Image-caption web data:
<<<<

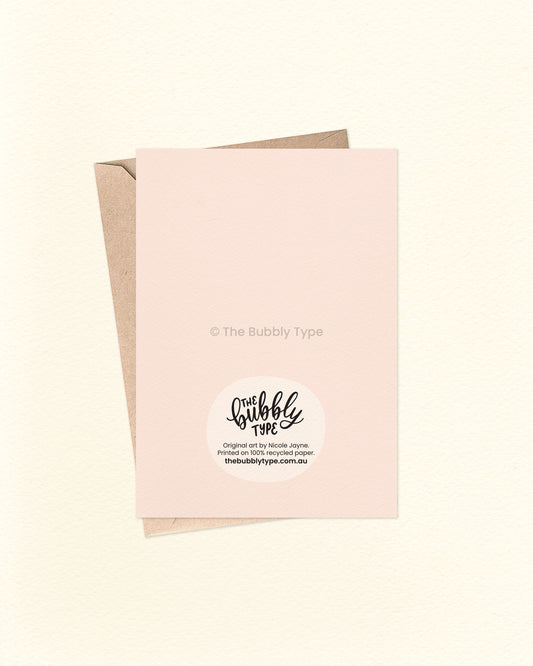 Back of the card with a cream background, featuring The Bubbly Type logo and card details. Displayed with a kraft brown envelope. Printed in Australia on eco-friendly materials.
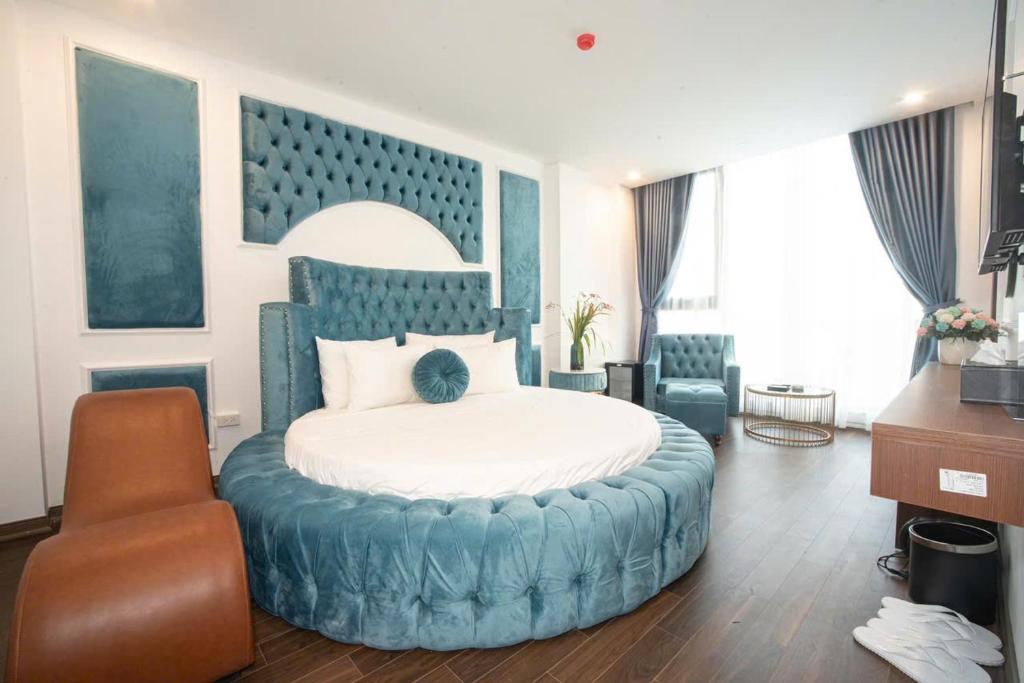a bedroom with a large blue bed and a chair at Royal Boutique Hotel in Ða Phúc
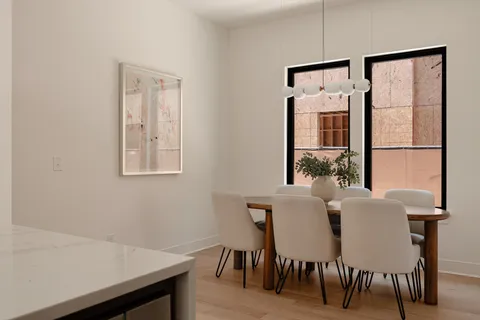 a kitchen with stainless steel appliances kitchen island granite countertop a table chairs and a refrigerator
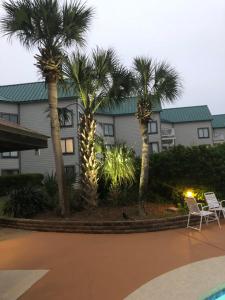 a resort with palm trees and chairs and a building at Gulf Shores Plantation in Gulf Shores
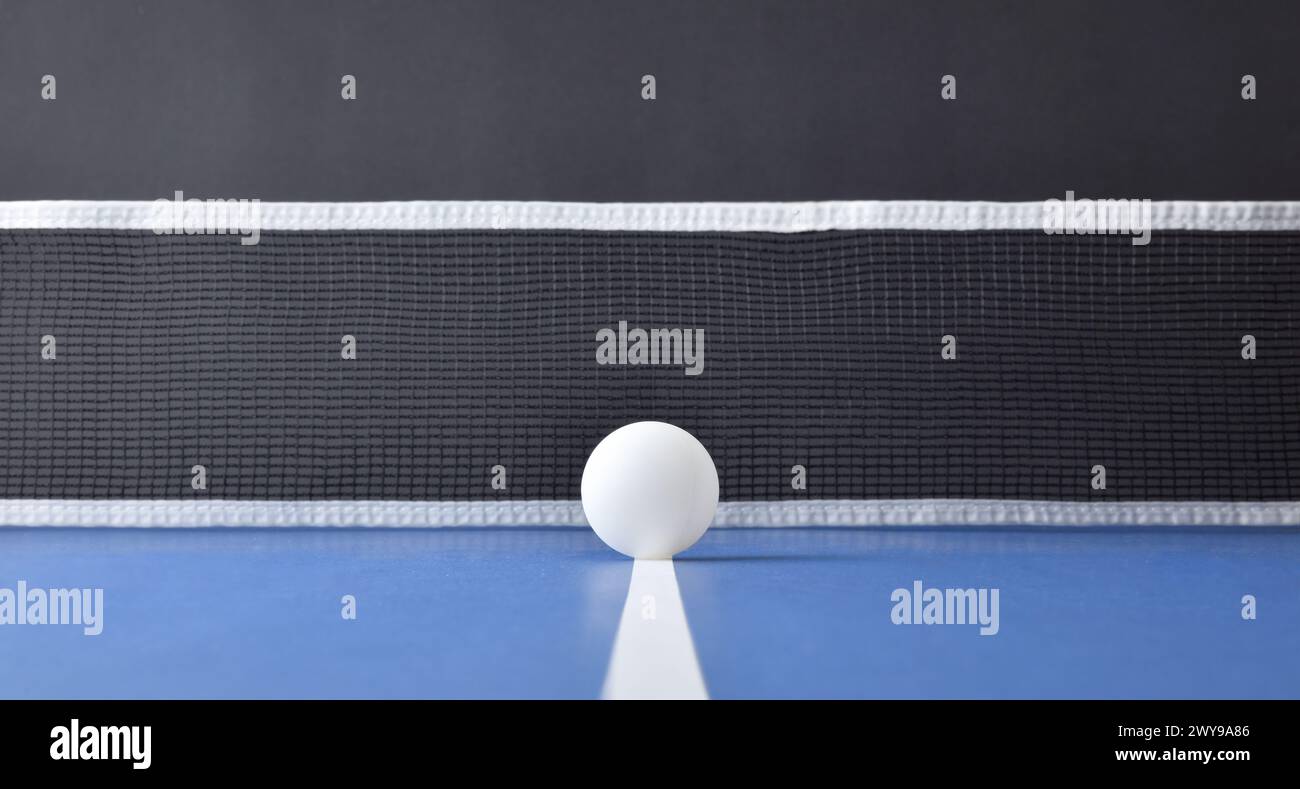 Concetto di gioco da ping pong con palla bianca centrata sulla linea centrale di un tavolo da gioco blu con la rete dietro e sfondo nero isolato. Vista frontale. Foto Stock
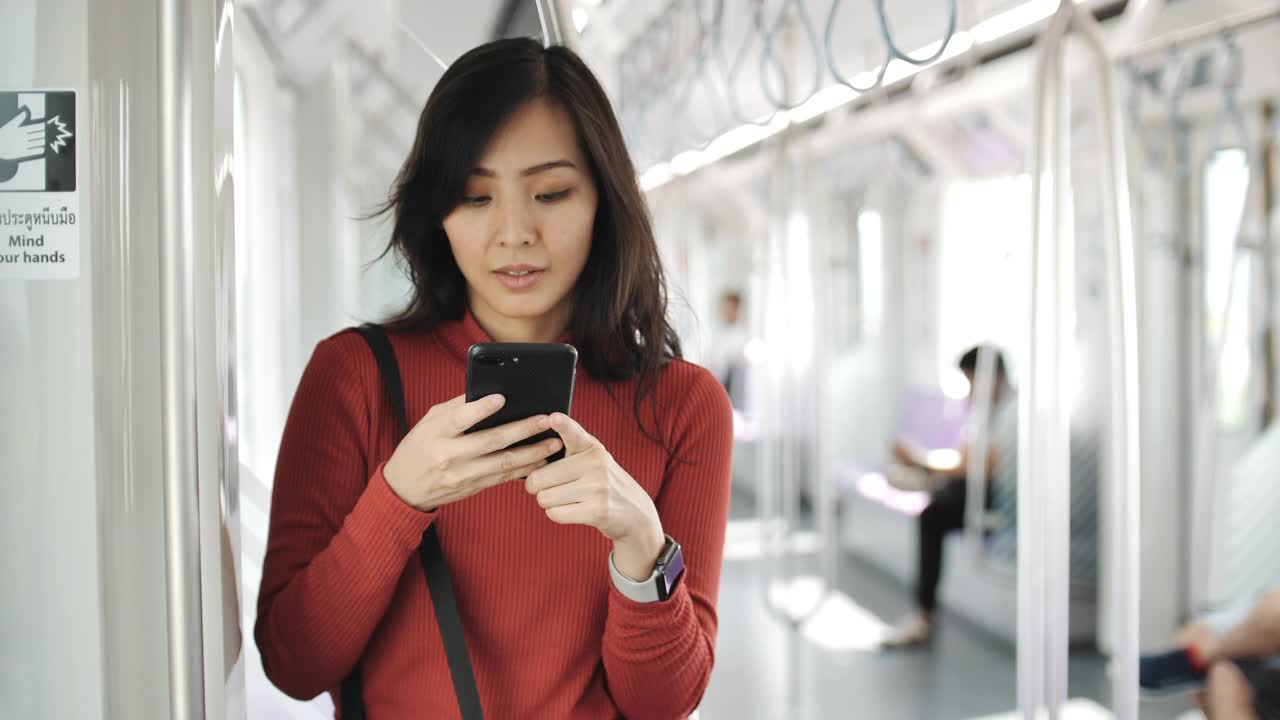 一名年轻女子在地铁上用智能手机视频下载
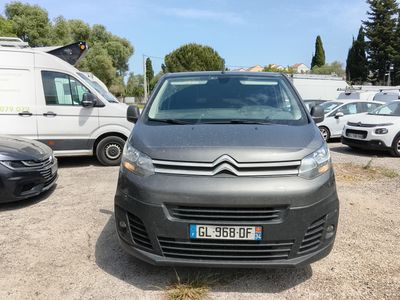 La petite camionnette est garée sur le parking, à côté d'autres voitures.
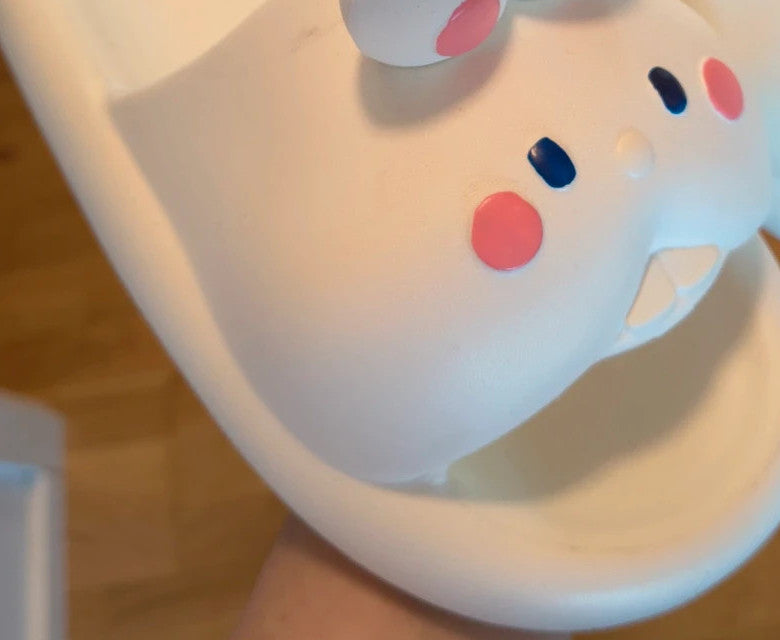 Slipper cream slides synthetic material with cartoon comic design and lightweight construction.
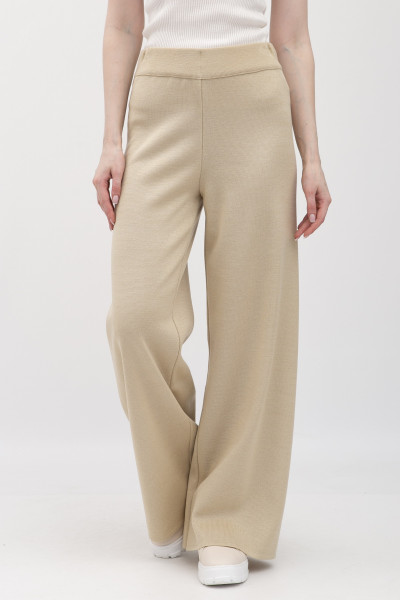 Брюки прямі трикотажні бежевого кольору 25218000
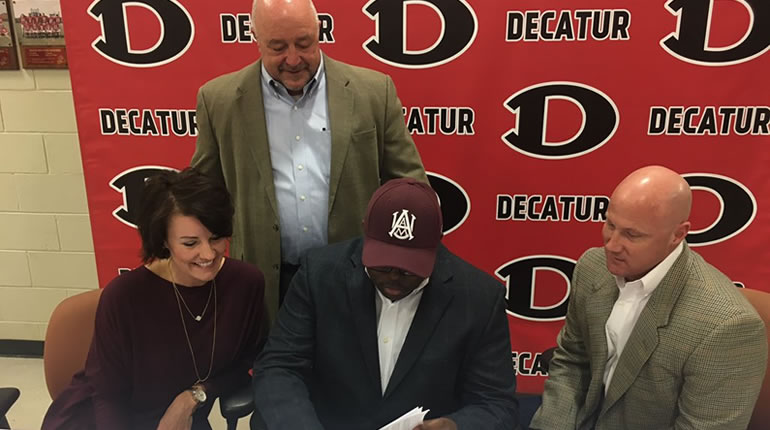 Decatur's Cedric Pointer signs with Alabama A&M University. (Photo: Taylor Tannebaum)
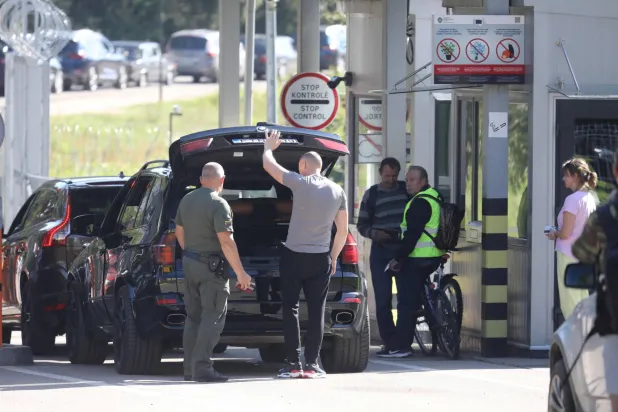 فحص سيارة عند نقطة العبور في بلدة شومسكاس الليتوانية عند الحدود مع بيلاروسيا قبل أيام من القيود الجديدة (أ.ف.ب)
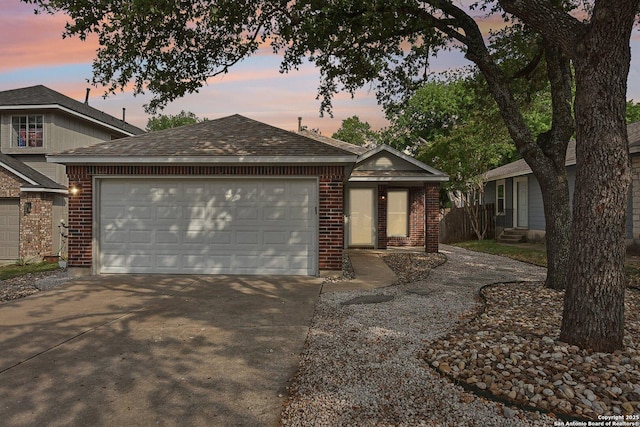 view of front facade with concrete driveway, brick siding, roof with shingles, and a garage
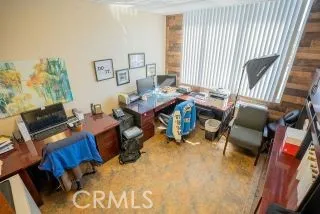 a view of a livingroom with workspace and a window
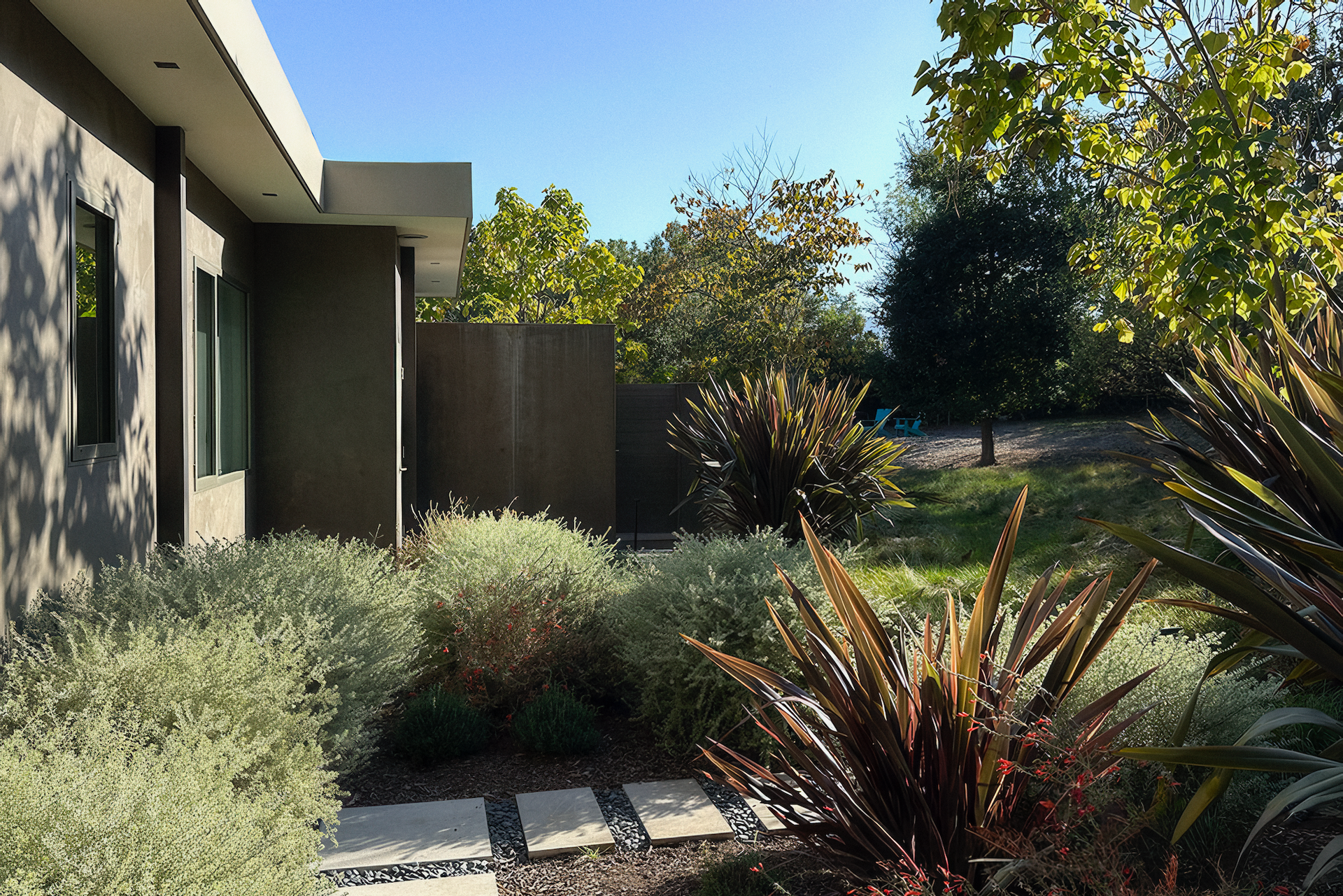 Modern house exterior with lush garden, stone path, and sunny sky.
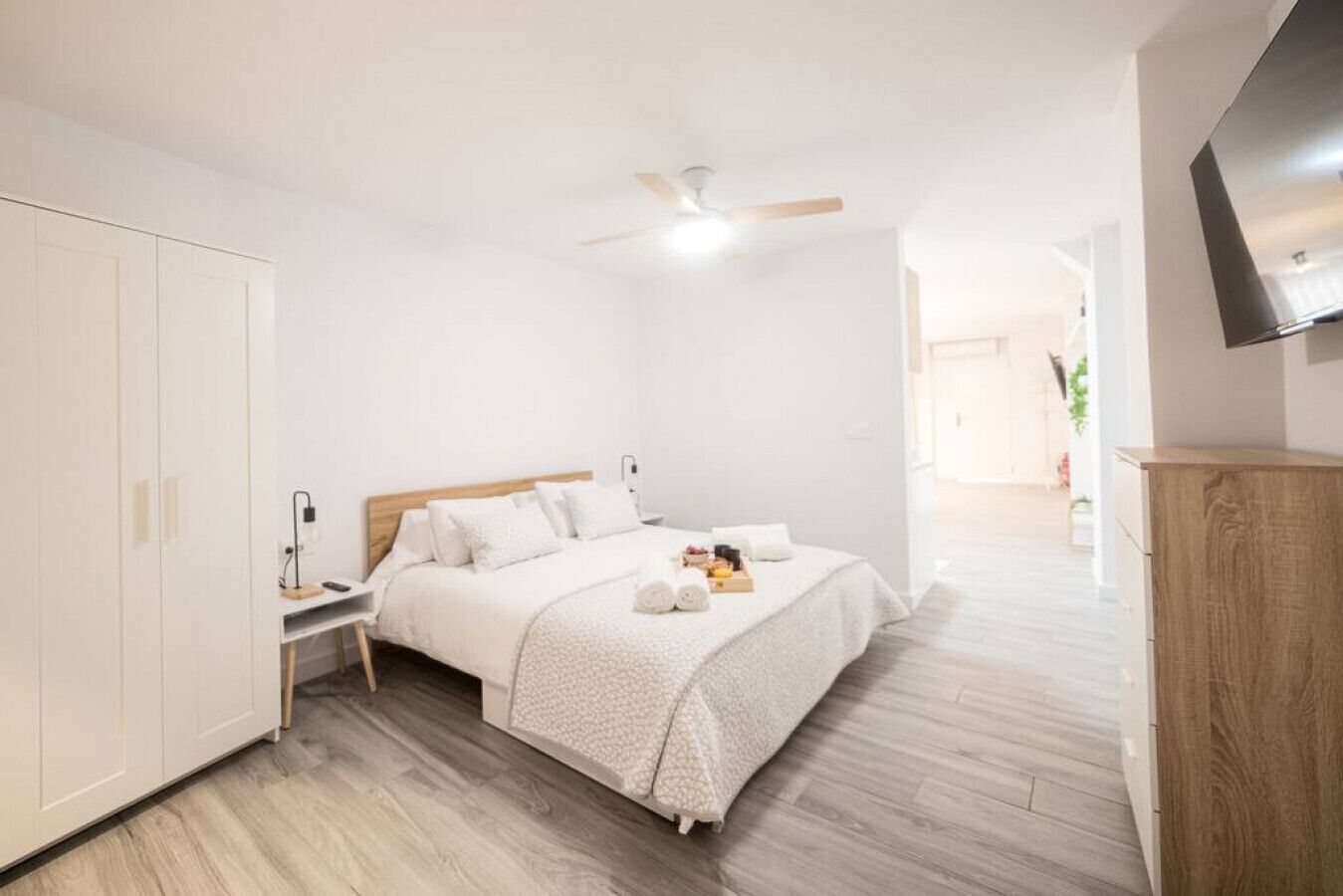 A modern bedroom with a wooden bed, white walls, and a ceiling fan.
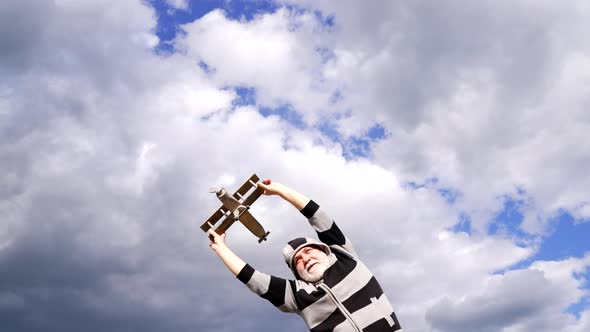 Happy Elderly Man Pretend Flying on Model Aircraft in Sky Traveling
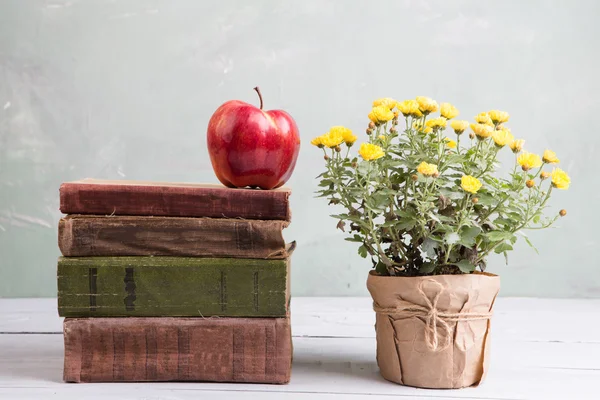 Maçã em uma pilha de livros na mesa com flores — Fotografia de Stock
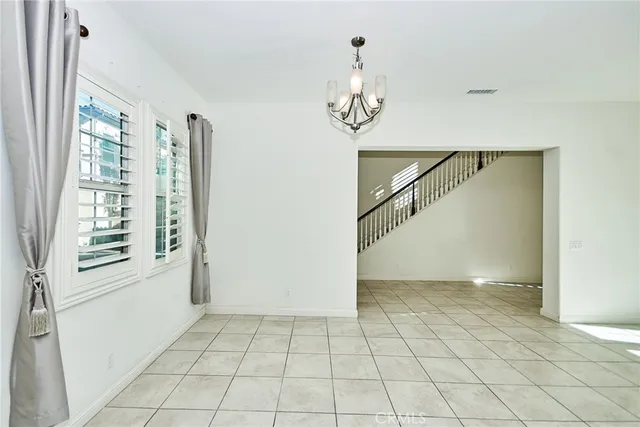 a kitchen with stainless steel appliances kitchen island granite countertop a refrigerator a stove top oven and a sink with granite countertops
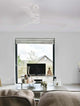 Axel Ventilator Ø 137 im modernen Wohnraum mit eleganter Einrichtung und großem Fenster.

>>>>

--- Exercise brief ---
Once the line holding "A modern bedroom" is found, copy it and each later line exactly through the end of the data, leaving out the pictures.

--- Answer to this task ---
 A modern bedroom with a wooden bed, white walls, and a ceiling fan.
 Happy Elderly Man Pretend Flying on Model Aircraft in Sky Traveling
 Maçã em uma pilha de livros na mesa com flores — Fotografia de Stock
 a kitchen with stainless steel appliances kitchen island granite countertop a refrigerator a stove top oven and a sink with granite countertops
 Axel Ventilator Ø 137 im modernen Wohnraum mit eleganter Einrichtung und großem Fenster.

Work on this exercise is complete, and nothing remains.